La privatisation du groupe gazier GDF, prévue dans le projet de loi, jette aux orties la loi de 2004, défendue par Nicolas Sarkozy, alors ministre de l’Économie et des Finances, qui stipule que la participation de l’État ne peut pas descendre en dessous de 70 %. Ce seuil avait été présenté comme un engagement solennel, cautionné par le chef de l’État lui-même, lors de son intervention télévisée, le 14 juillet 2004. Le passage en force du gouvernement met dans l’embarras une majorité qui doit renier sa parole. Nombre de députés UMP redoutent l’impact politique et électoral d’un vote destiné à revenir sur ce qu’ils ont avalisé deux ans auparavant. L’un des arguments avancés par le gouvernement est que GDF aurait besoin à très court terme d’une fusion, et donc d’être préalablement privatisé, pour « être un acteur dynamique » et pour qu’il soit « maître de son destin ».

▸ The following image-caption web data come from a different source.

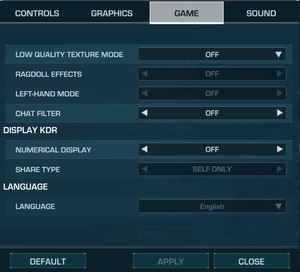 Game (General) settings.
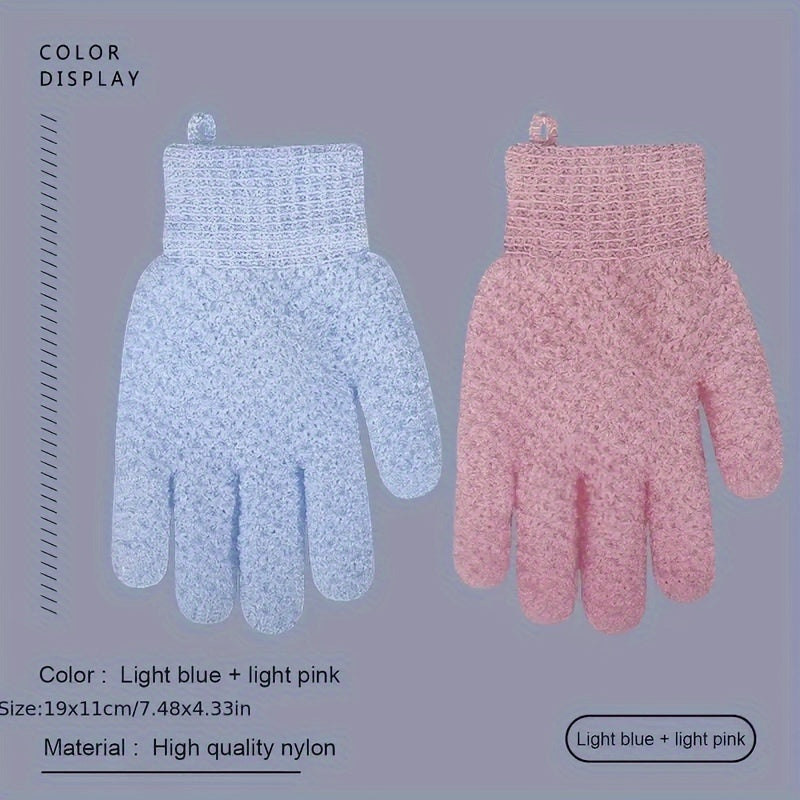 Shower gloves for exfoliation, cleansing, and massage - removes dead skin and dryness.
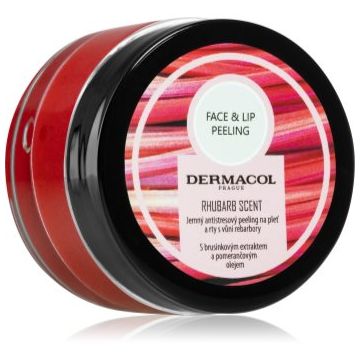 Dermacol Face & Lip Peeling Rhubarb exfoliant din zahar buze si obraz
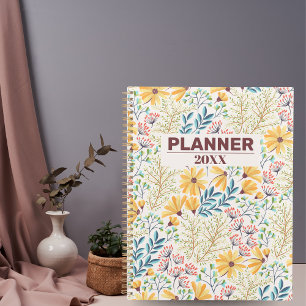 Yellow Blue Floral Planner & Journal Notebook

De son côté, le groupe Suez a tenté une opération de charme, dénoncée par le groupe PCF à l’Assemblée. Une vingtaine de députés ont été invités par le groupe voyage en jet pour assister à la finale du Mondial de football, en compagnie de Gérard Mestrallet. Mais une petite cinquantaine de députés de l’UMP, réunissant des sarkozystes et des gaullistes, restent contre le projet de fusion. Très remonté, le PS dénonce pour sa part un « coup de force » du gouvernement et dépose plus de 30 000 amendements sur près de 140 000 déposés.
Pourtant, cette mobilisation exceptionnelle des députés de l’opposition et de quelques députés de la majorité sur le front de la « bataille du gaz » semble décalée si l’on se souvient que Jacques Chirac et Lionel Jospin ont fait cause commune en 2002, lors d’un sommet de Barcelone qui a fixé le calendrier de la libéralisation du secteur de l’énergie dans une Europe en majorité social-démocrate.

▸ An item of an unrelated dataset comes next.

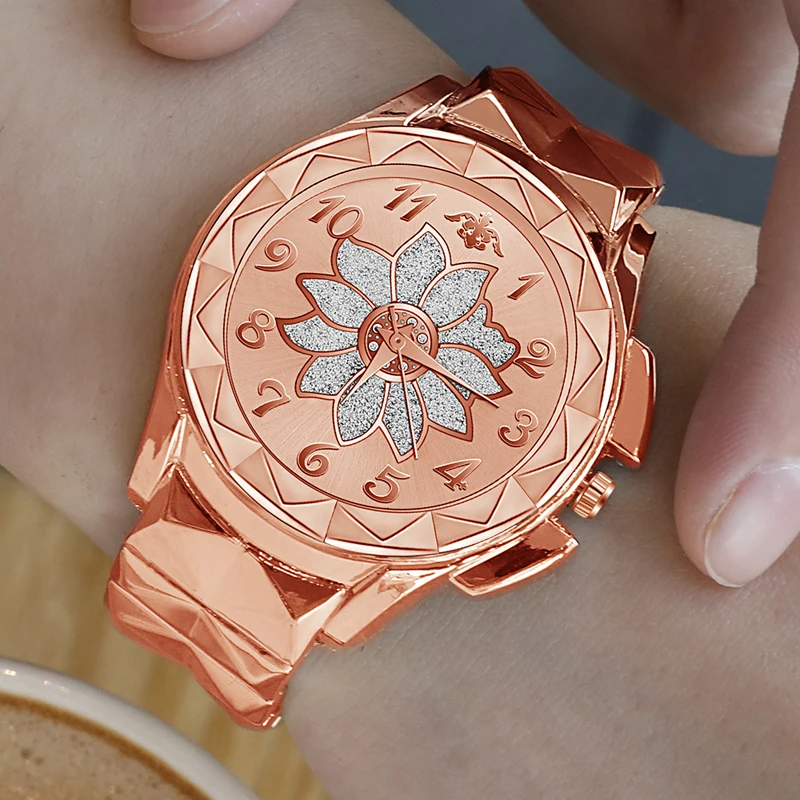 Flower Creation Gold Fashion Female Ladies Watches Quartz Women Diamond Stainless Strap Watches Relojes Mujer Drop shipping
Flower Creation Gold Fashion Female Ladies Watches Quartz Women Diamond Stainless Strap Watches Relojes Mujer Drop shipping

La directive de libéralisation de l’électricité a été adoptée par le gouvernement Juppé, et celle sur la libéralisation du gaz a été confirmée par le gouvernement Jospin. Alors Premier ministre, Lionel Jospin avait donné son accord au projet de « directive gaz », laquelle fut adoptée en 1998. La fin des monopoles nationaux y était inscrite ainsi que la libéralisation du marché du gaz européen. Dans cette perspective, la loi de finances rectificative pour 2001 autorisait l’État à mettre en vente les canalisations de gaz naturel. Ces épisodes passés n’ont pas échappé à Thierry Breton, ministre de l’Économie, qui a pris un malin plaisir à souligner que ses prédécesseurs socialistes à Bercy, Dominique Strauss-Kahn et Laurent Fabius, étaient favorables à la privatisation quand ils étaient en fonction.
« Il importe que nos entreprises puissent poursuivre leur développement alors que les acteurs majeurs de l’énergie sont en train de se constituer. Cette évolution rapide nous conduit à prendre des décisions importantes qui ne peuvent attendre. » Exposé des motifs du projet de loi relatif au secteur de l’énergie, présenté par Dominique de Villepin.

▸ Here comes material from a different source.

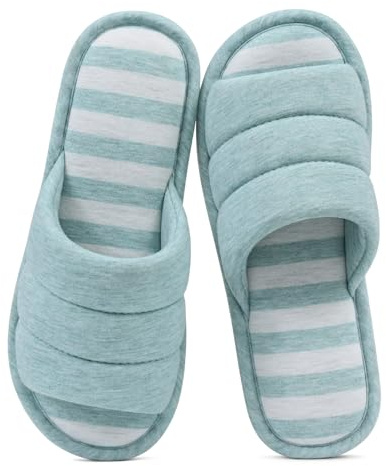 shevalues Open Toe House Slippers for Women Men Memory Foam Bedroom Shoes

Alors il se dit qu’il faut une fusion pour éviter une OPA sur Suez : mais le nouvel ensemble avec GDF sera naturellement opéable.
On explique que le gigantisme est nécessaire pour mieux négocier l’approvisionnement. Or dans ce cas précis, celui-ci dépend essentiellement d’accords d’Etat à Etat. De surcroît, l’activité « distribution gaz » de Suez ne représente que seulement 25 % de celle de GDF !
Il est aussi dit que cette fusion ne changerait pas fondamentalement l’échelle du groupe ainsi constitué. La seule fusion de poids serait entre EDF et GDF.
On nous explique qu’enfin cette fusion va permettre de stabiliser les tarifs. Que nenni : ce projet de loi s’inscrit dans la politique européenne de l’énergie qui vise précisément à abolir les tarifs réglementés. Après leur maintien passager, l’alignement par le haut sur des prix européens bien plus élevés sera facilité par le changement de statut de GDF.
Enfin on nous dit qu’il n’y a pas d’autre solution face à la mondialisation et à la « libéralisation » des marchés. D’autres scénarios existent mais sont écartés par avance : que ce soit la prise de participations croisées entre Suez et GDF permettant de garder une majorité du capital de GDF à la puissance publique ou que ce soit la fusion entre GDF et les filiales énergie de Suez.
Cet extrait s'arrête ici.